Physical toxins in the body are ALWAYS connected to negative thought patterns and dark emotions. Through this purging, peeling of layers, and re-wiring faulty neural pathways, Ayahuasca connected me to my heart and showed me the magnificence of life. It showed me who I really am and how far away from living in harmony with nature we have gone as a collective.
However, even after all the work and ceremonies, I could not seem to get to the root of my grief and unrest. Non-stop spiritual work, focusing on being present, concentrating on the breath, mantras of self-love, self-massage, clean eating, fasting, being around beautiful souls, having an extremely special woman by my side, and submerging myself in nature provided relief from despair, and connected me to the universe and to the wonder of life for certain, but I had this crippling anxiety and fear that ran amuck.
I was certain I must have been molested as a baby and these fear programs were just continuously playing in my mind. I had gone so deep, and had explored every corner of my mind, but still couldn’t fully understand the pain.

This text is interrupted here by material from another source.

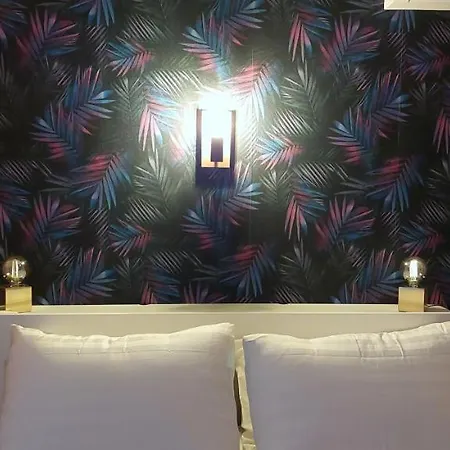 Maison Au Coeur Du Vignoble Champenois Hotel 3*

At the end of my stay there, the shamans had all told me that I needed a dieta (apprenticeship) for this grande problemo and insisted that I dieta with Huairacaspi in isolation. Huairacaspi is a very, very powerful tree used to treat gastrointestinal ailments and for protection against bad spirits; a tree that even the most experienced Ayahuasca westerners knew nothing about. A tree that indigenous shamans take at a young age to prove their devotion to nature. Although I wanted to jump right into it, the time wasn’t right and I needed to come home to see my family and make some more money.
From those days on, I couldn’t go 10 minutes without thinking about that tree, and how it could liberate me from this nightmare. I would do everything in my power to make this dieta a reality. Nine long months later, and even deeper in the Amazon, I would be wishing that I had never heard of it.